- GOAL OF THE EXERCISE -
Take the line with "I've been using" and every line after it in the entries below, and set them down exactly, without any pictures.

- DATA -

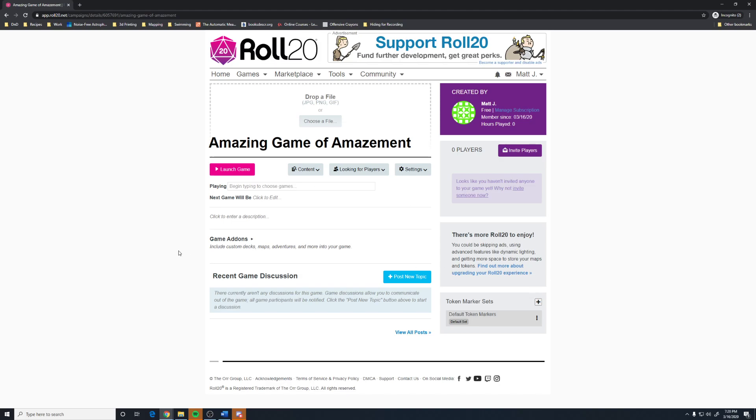And that is going to be the end of this video. You have created a game. In the next video, I will go over what this screen is and launch into the game. The desire is to keep these videos relatively short and easy to consume. So, you have created an account. You have created a game. And in the next video, we'll pick up from there.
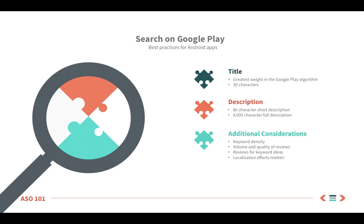With Google Play, the main difference is that the terms your app ranks for will come directly from the description. As a result, a best practice is to mention crucial keywords multiple times. This is what we call creating keyword density, which will be familiar to those of you who have worked with search engine optimization, or SEO, in the past.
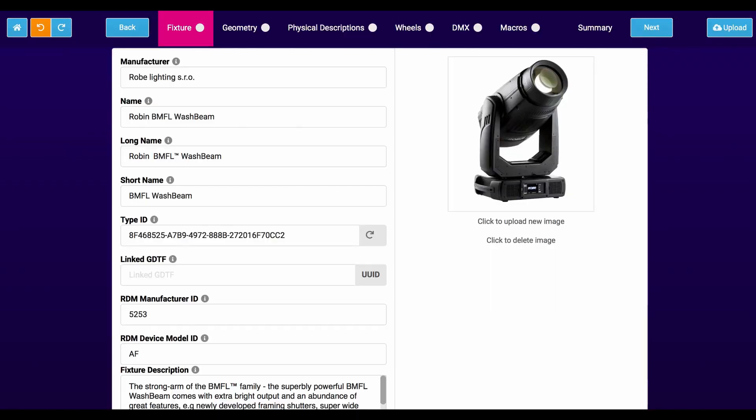Let's dig in a little further and see what sort of information is contained inside a GDTF profile. The best way to do it is to use the gdtf-share.com website, because on there they have the fixture libraries but they also have a fixture builder, and you can pull in a fixture that already exists and take a look inside to see all the attributes and what it contains.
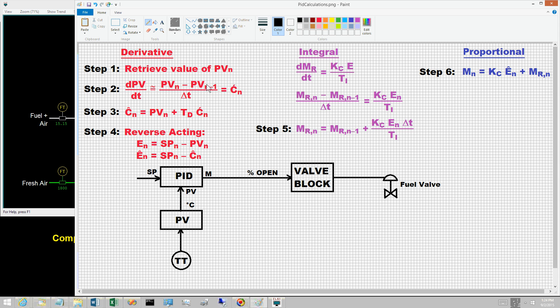The control calculations proceed as a sequence of steps, starting with derivative, then integral, and finally proportional. Step two computes the rate of change, C-hat sub n, for the PV. The simplest approach is a finite difference approximation: dPV/dt is the difference in PVs on successive sampling instances divided by delta t, designated as C-prime sub n. In practice, this simple approach is not satisfactory; a subsequent video will explain why and present a preferable approach.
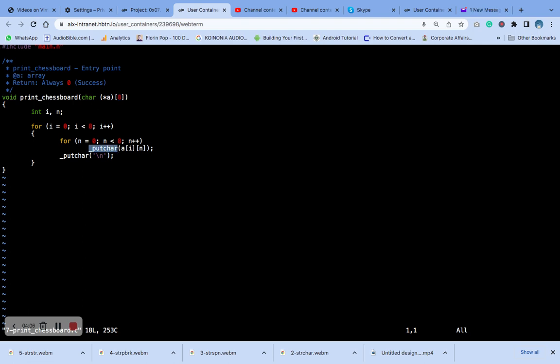It calls the underscore_put_car function which, after each row is printed, it calls to the standard output. After each row is printed, it calls the underscore_put_car function to print a newline character to move to the next row. This function does not return a value. When it is called it will print the chess board represented by the array.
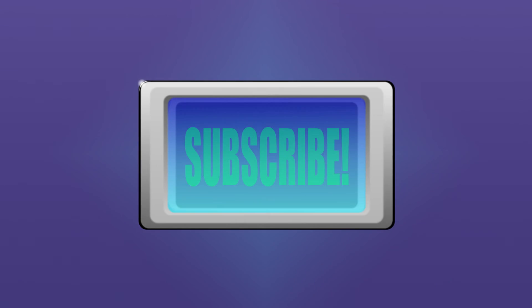I hope this was helpful. Subscribe to my channel for 3D animations, virtual reality content, conspiracy theories, rants, gaming, and some tutorials.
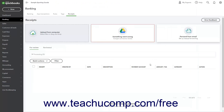Alternatively, you can also download the free QuickBooks Online mobile app for your mobile device's operating system. The QuickBooks Online app lets you sign in using your Intuit credentials, take a picture of a receipt in the app, and then review and categorize it on the Receipts page in QuickBooks Online.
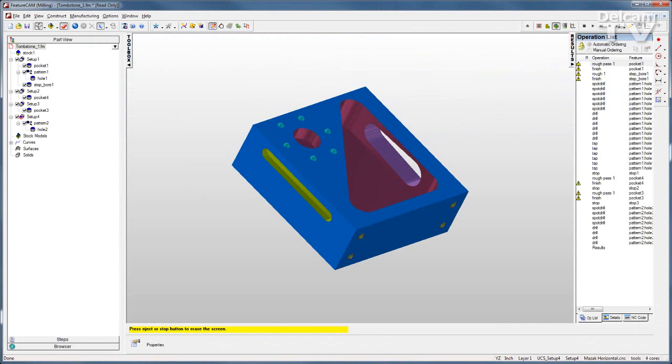FeatureCam's Tombstone module enables easy programming of machines with tombstone fixtures. Create the toolpaths for one part, and FeatureCam will produce all the necessary translations and rotations for the rest automatically.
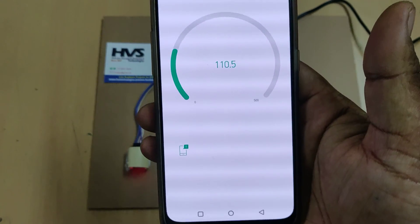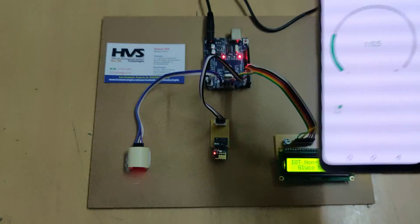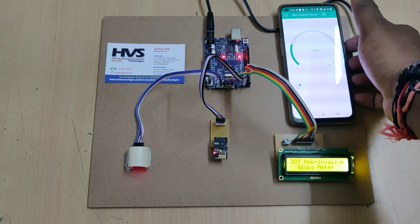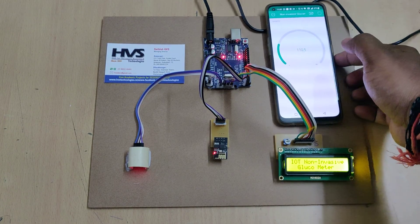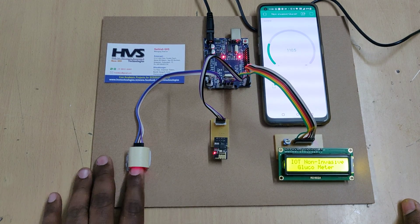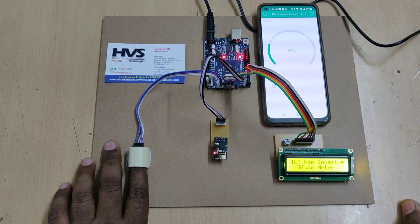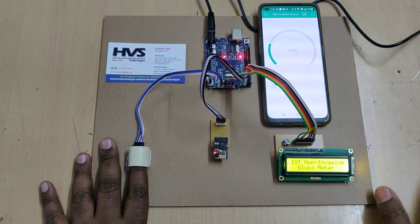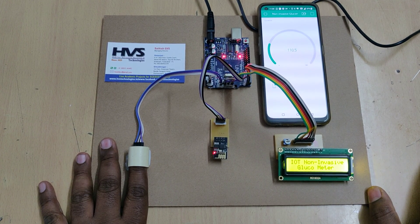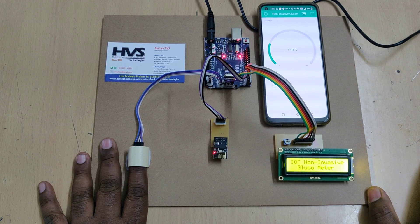There will be a welcome message on the LCD screen. The device is now online. Insert your finger — clean your finger without any dust so we get accurate values instead of fluctuating ones. It will take a maximum of five to ten seconds.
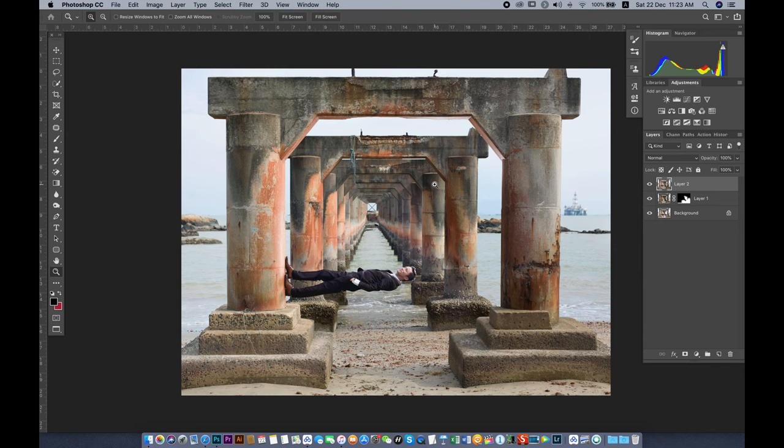Welcome back. In the first video I showed you how to remove the background to make this guy look like he's anti-gravity. Now I'm going to show you how to make this photo look more dramatic.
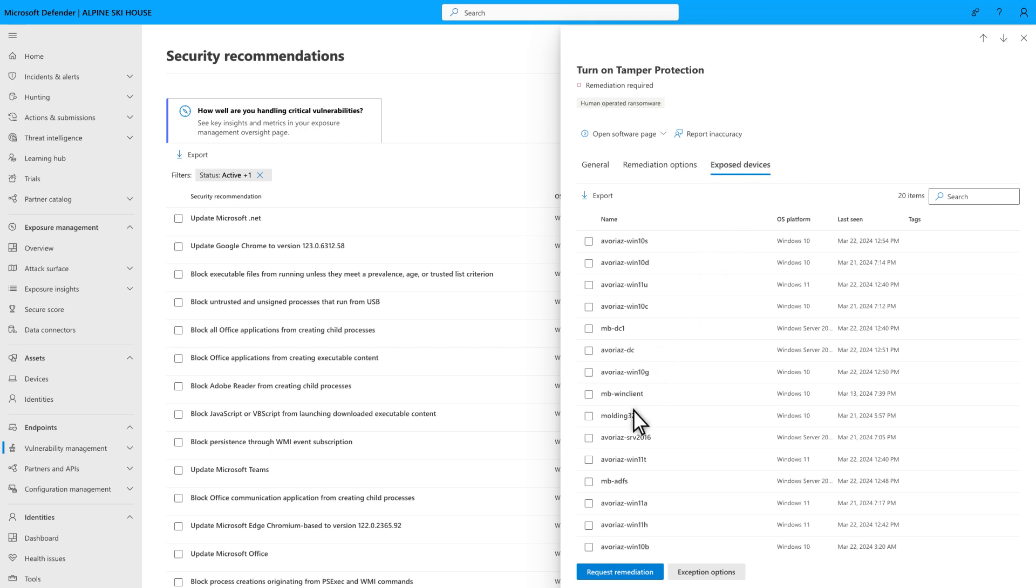When you're ready, you can select Request Remediation to track the recommendation and possibly open a ticket in Microsoft Intune or ServiceNow, so the IT admins can remediate the configuration change for you.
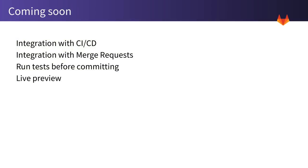GitLab is an integrated product and we'll be integrating the web IDE with more and more of GitLab over the coming months including CI, CD and merge requests. And we'll make it possible to use CI Runners to test your code before committing and preview your application too.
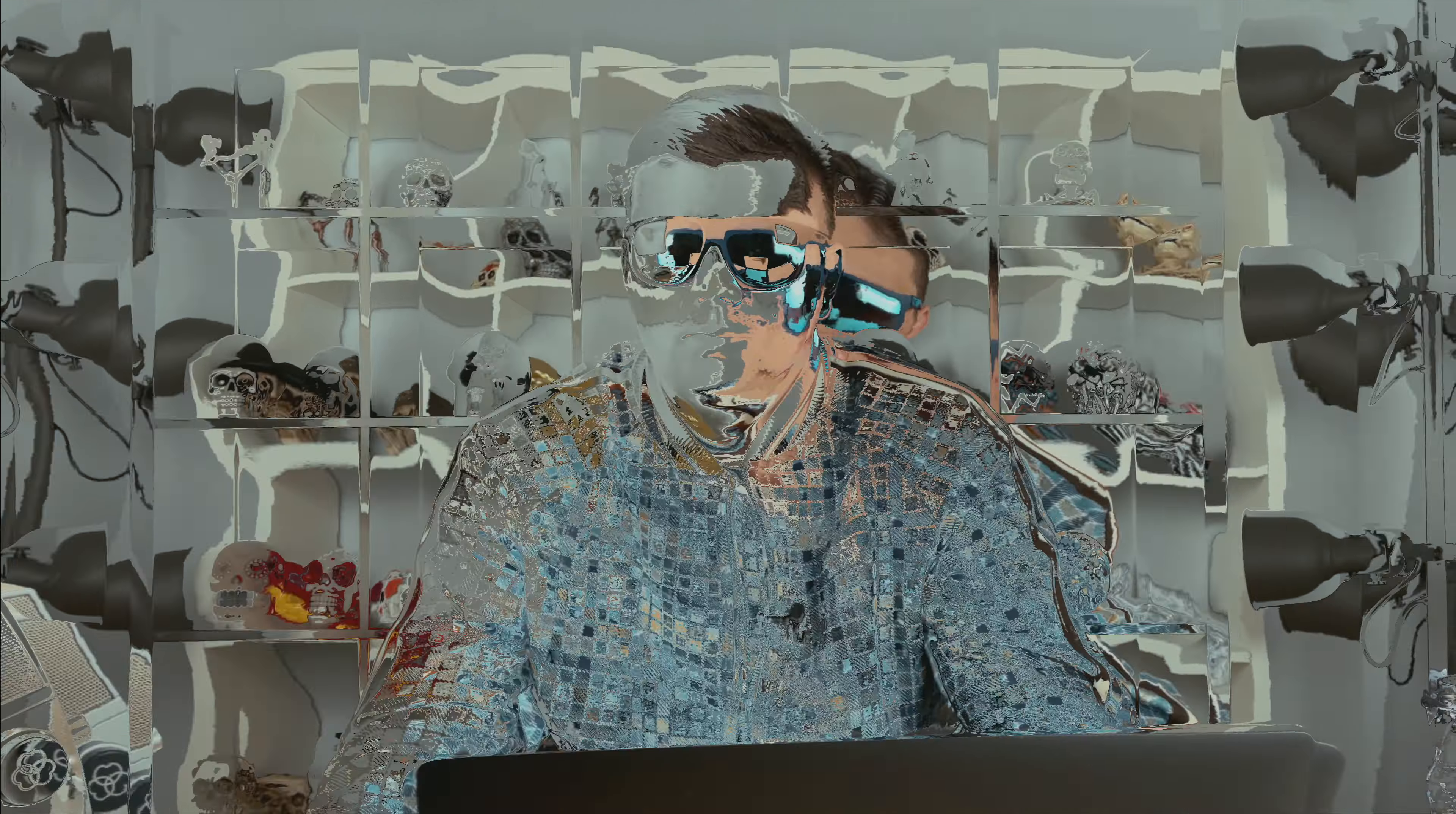Now I suggest to switch to Notion where I will show you how I organize my second brain system. Here you can see my welcome screen. On the welcome screen we have all three main paragraphs of my existence: Life, business, and YouTube.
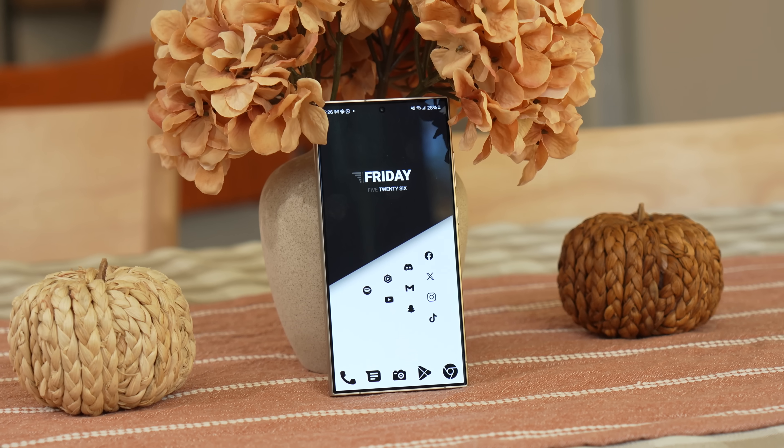I've been using the same home screen setup for about three years, so I guess it's time we make a new one.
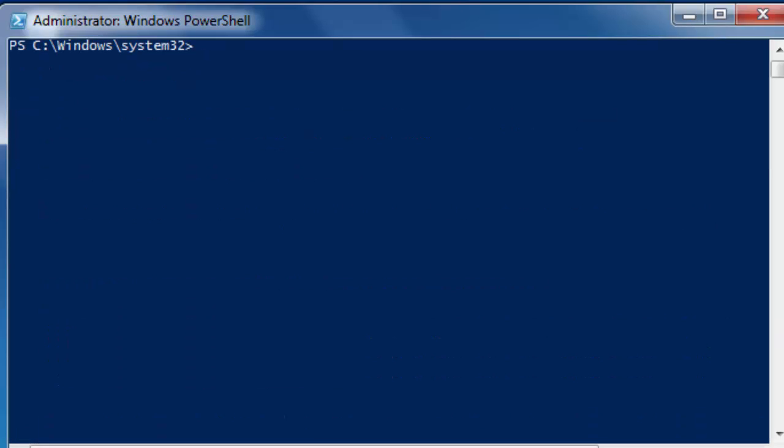Okay, we are going to learn a new commandlet here. Get execution policy, and that retrieves what execution policy we have now, which is restricted.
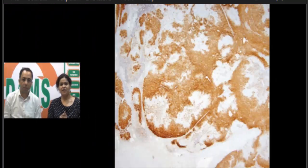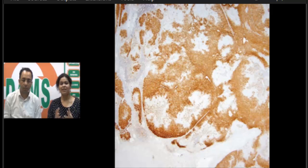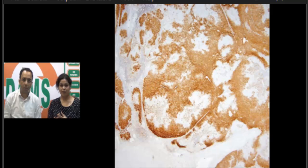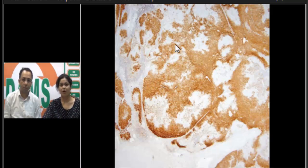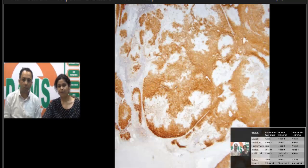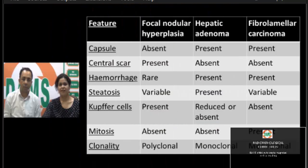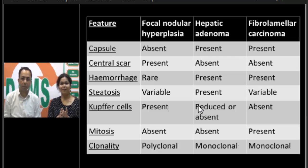On IHC, we perform a glutamine synthetase stain, which normally shows focal staining in zone 3 hepatocytes in a normal liver. In FNH, however, we see characteristic map-like areas of staining on IHC. This is summarized alongside the three important differential diagnoses.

- ANSWER TO THE EXERCISE -
I've been using the same home screen setup for about three years, so I guess it's time we make a new one.
Okay, we are going to learn a new commandlet here. Get execution policy, and that retrieves what execution policy we have now, which is restricted.
On IHC, we perform a glutamine synthetase stain, which normally shows focal staining in zone 3 hepatocytes in a normal liver. In FNH, however, we see characteristic map-like areas of staining on IHC. This is summarized alongside the three important differential diagnoses.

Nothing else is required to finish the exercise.